▶ Given records:

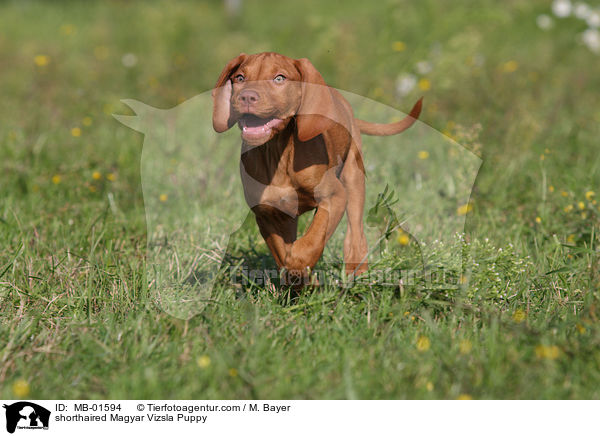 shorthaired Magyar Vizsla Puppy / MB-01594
* * *
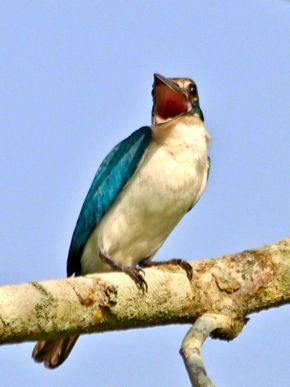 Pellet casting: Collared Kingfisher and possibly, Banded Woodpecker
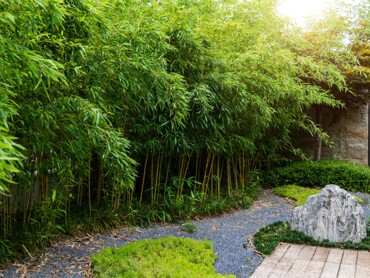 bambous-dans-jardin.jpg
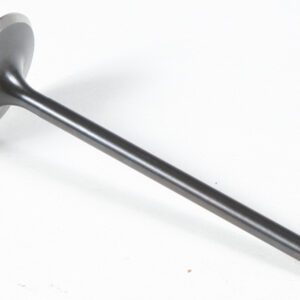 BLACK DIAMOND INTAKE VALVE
---
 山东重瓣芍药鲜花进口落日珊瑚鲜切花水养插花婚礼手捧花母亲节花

▶ Brief: Output exactly the lines of the listing above that start with the one holding "bambous-dans-jardin.jpg" and go on through the one holding "BLACK DIAMOND INTAKE VALVE"; leave the pictures out.

▶ Task output:
 bambous-dans-jardin.jpg
 BLACK DIAMOND INTAKE VALVE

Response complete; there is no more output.